**WHAT TO DO:** Transcribe nothing but the lines from the one with "111 Selkirk Dr, Bella Vista, AR, 72715" to the end of the entries, both included, keeping each exact and leaving every picture out.

─── SUPPLIED MATERIAL ───

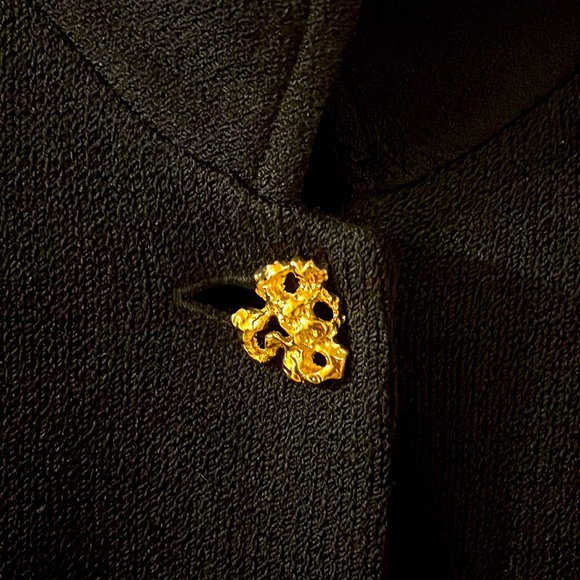 St. John knee-length knit blazer, artistic gold accent buttons, size 6 - Picture 3 of 4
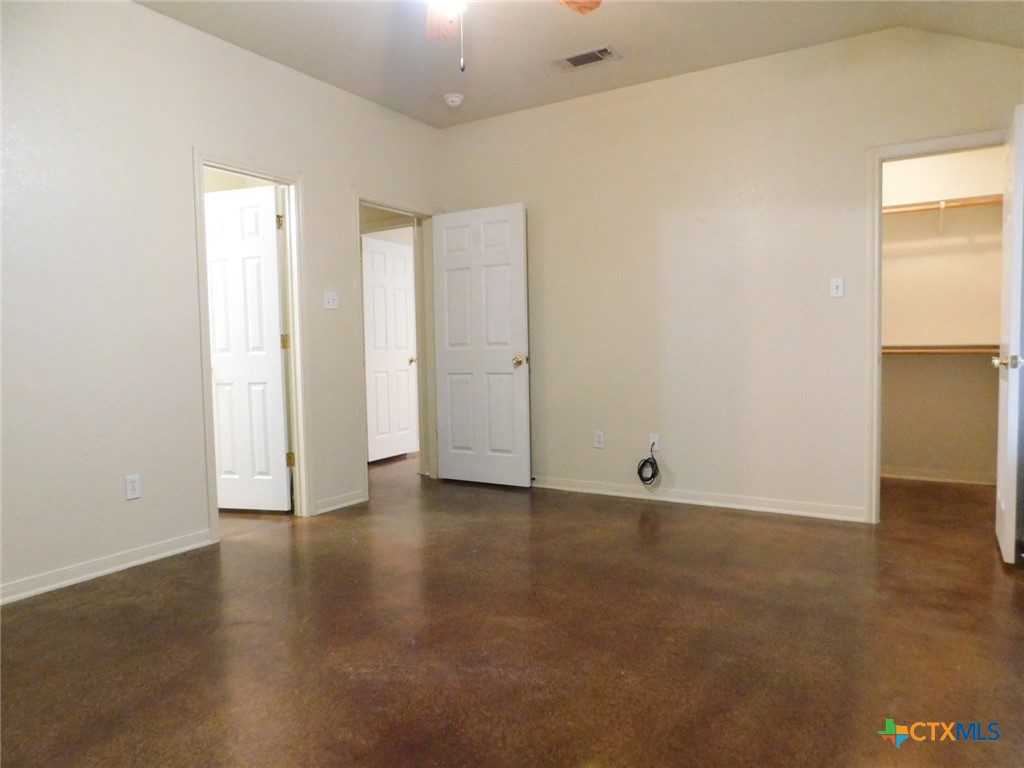 1913 Charleston Court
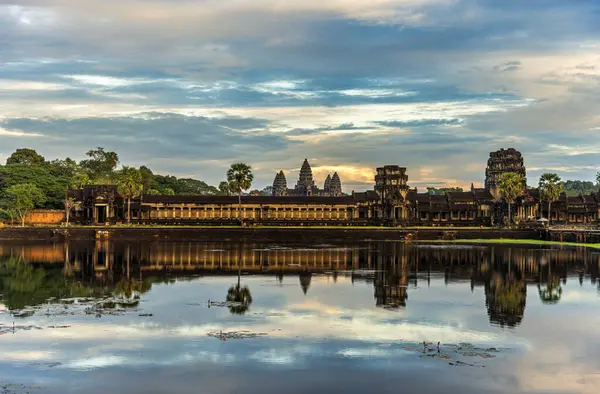 Kamboçya 'daki ünlü Angkor Wat tapınağı.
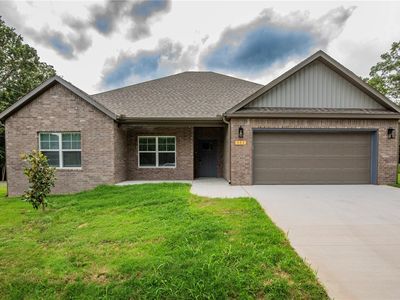 111 Selkirk Dr, Bella Vista, AR, 72715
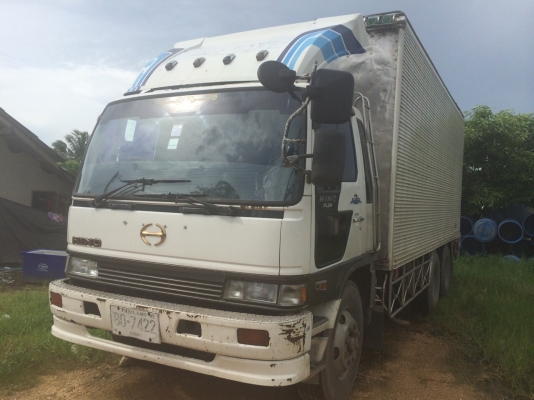 10ล้อตู้เปียก195แรง...HINO FL3HNKA-10683 เครื่องHO7D-A88627...รถปี2536 สภาพดี..สวย เล่มพร้อม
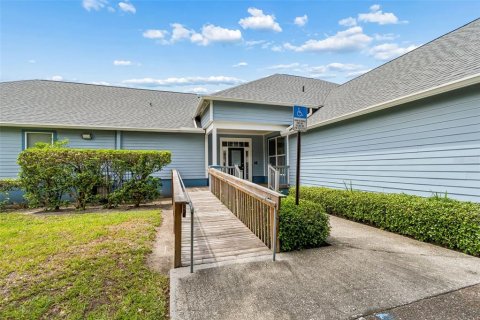 Commercial property in Tampa, Florida 335.84 sq.m. № 2212035 - photo 11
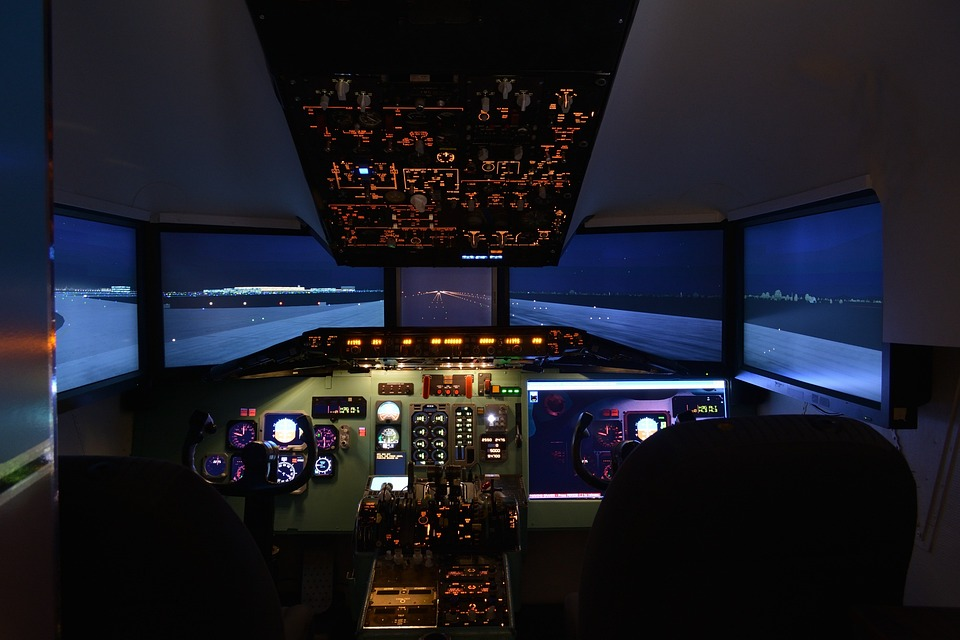 aircraft simulator training in night or low-visibility conditions   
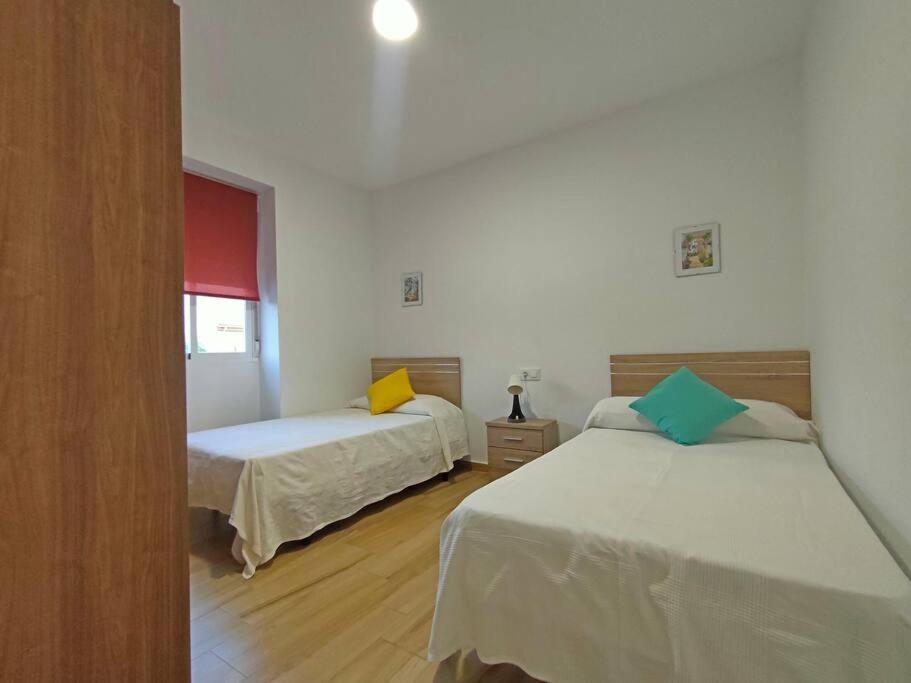 Apartamento Acerota, Con Parking Gratuito Cordoba Luaran gambar
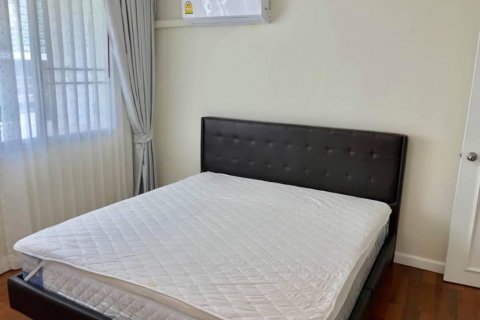 Condo à Watthana, Bangkok, Thaïlande, 4 chambres  № 123960 - photo 6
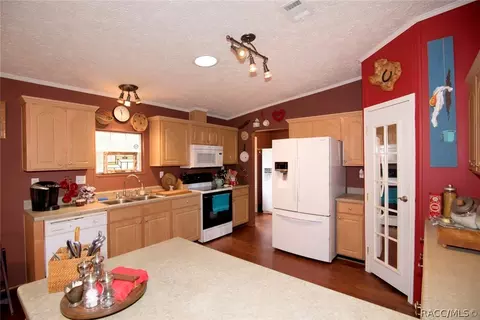 2310 E Kennett Dr, Hernando, FL 34442 photo 27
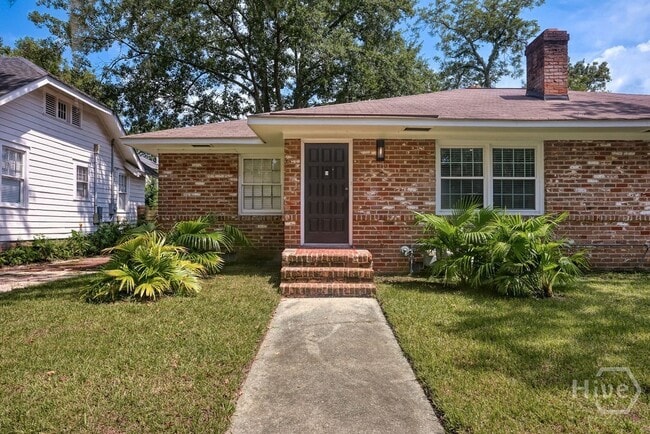 Building Photo - 916 Maupas Ave Rental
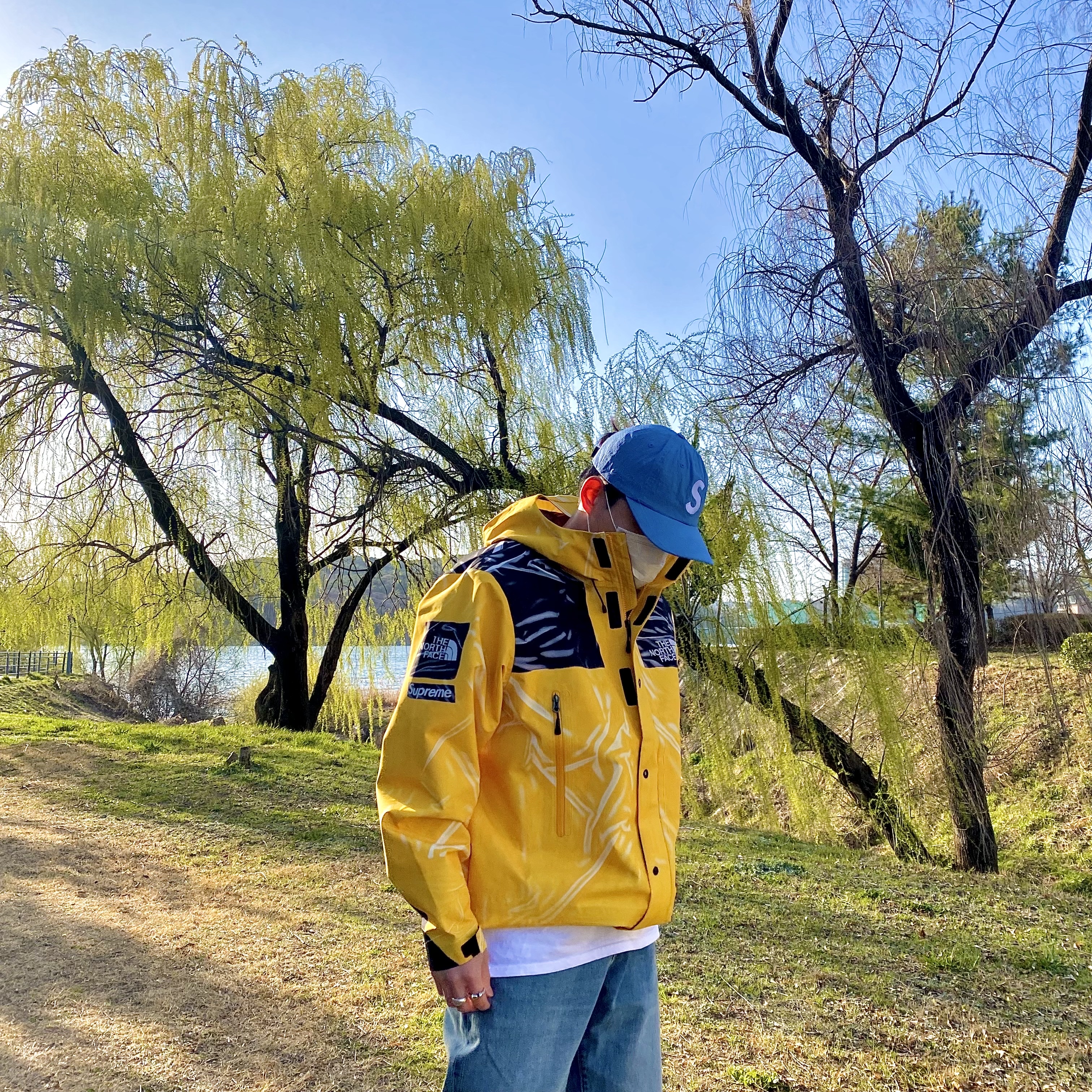 Supreme x The North Face Trompe L’oeil Printed Taped Seam Shell Jacket Yellow - 23SS, Supreme Cordura Ripstop S Logo 6-Panel Royal - 23SS 착용 스타일 - 1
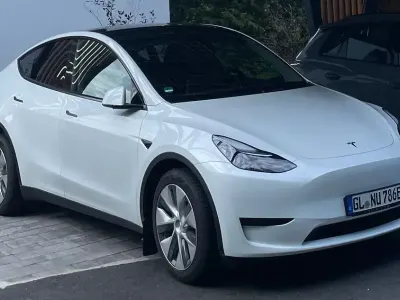 Gebraucht Tesla Model Y RWD 219 kW (299 PS) 2023 Weiß SUV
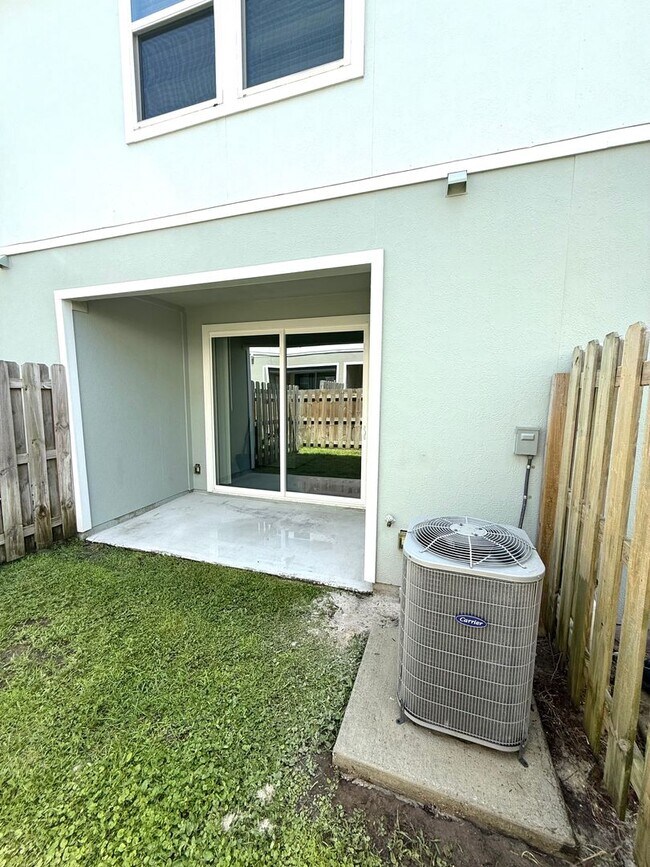 Building Photo - 2BR/3BA Townhome Sweet Townhome - Pet Frie...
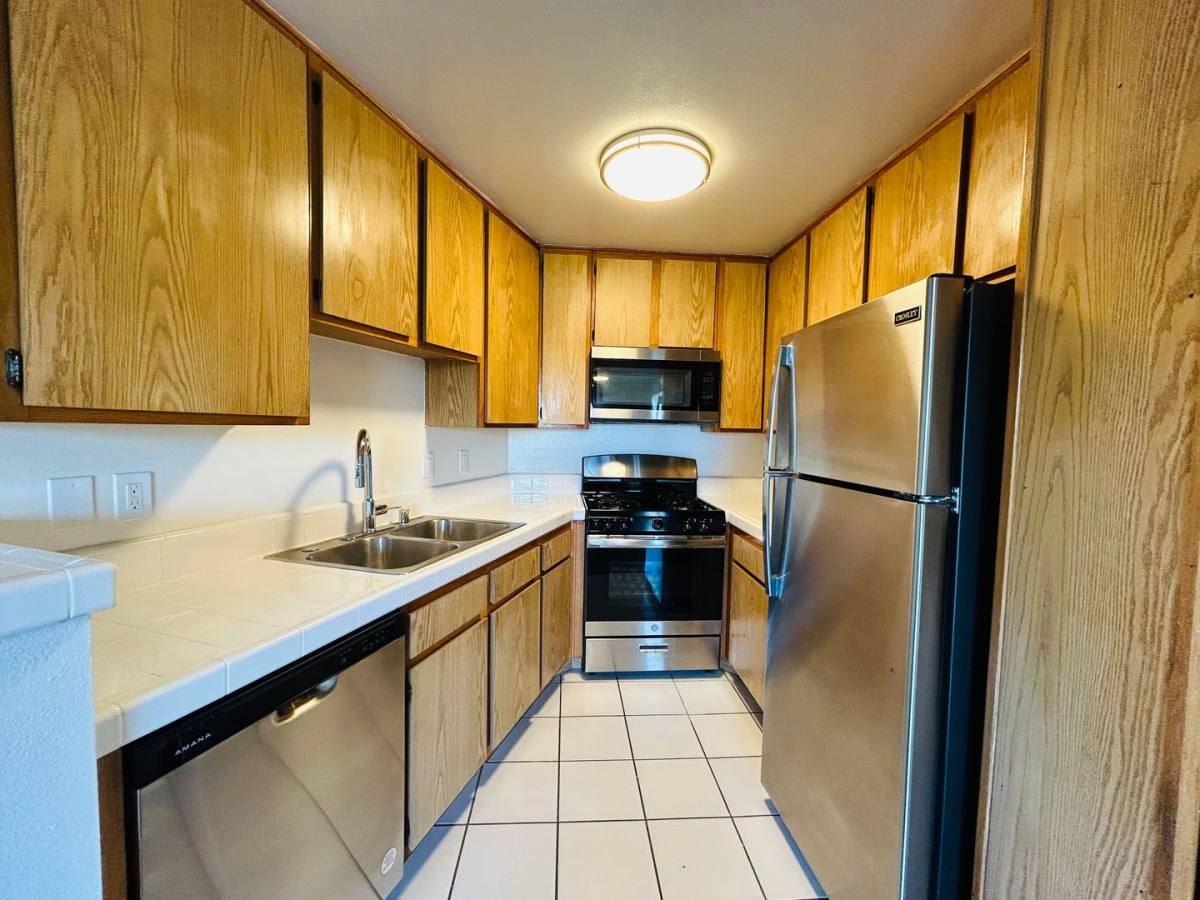 Apartment for rent at 10520 National Blvd, Los Angeles, CA 90034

───

**SOLVED PROBLEM:**
 111 Selkirk Dr, Bella Vista, AR, 72715
 10ล้อตู้เปียก195แรง...HINO FL3HNKA-10683 เครื่องHO7D-A88627...รถปี2536 สภาพดี..สวย เล่มพร้อม
 Commercial property in Tampa, Florida 335.84 sq.m. № 2212035 - photo 11
 aircraft simulator training in night or low-visibility conditions   
 Apartamento Acerota, Con Parking Gratuito Cordoba Luaran gambar
 Condo à Watthana, Bangkok, Thaïlande, 4 chambres  № 123960 - photo 6
 2310 E Kennett Dr, Hernando, FL 34442 photo 27
 Building Photo - 916 Maupas Ave Rental
 Supreme x The North Face Trompe L’oeil Printed Taped Seam Shell Jacket Yellow - 23SS, Supreme Cordura Ripstop S Logo 6-Panel Royal - 23SS 착용 스타일 - 1
 Gebraucht Tesla Model Y RWD 219 kW (299 PS) 2023 Weiß SUV
 Building Photo - 2BR/3BA Townhome Sweet Townhome - Pet Frie...
 Apartment for rent at 10520 National Blvd, Los Angeles, CA 90034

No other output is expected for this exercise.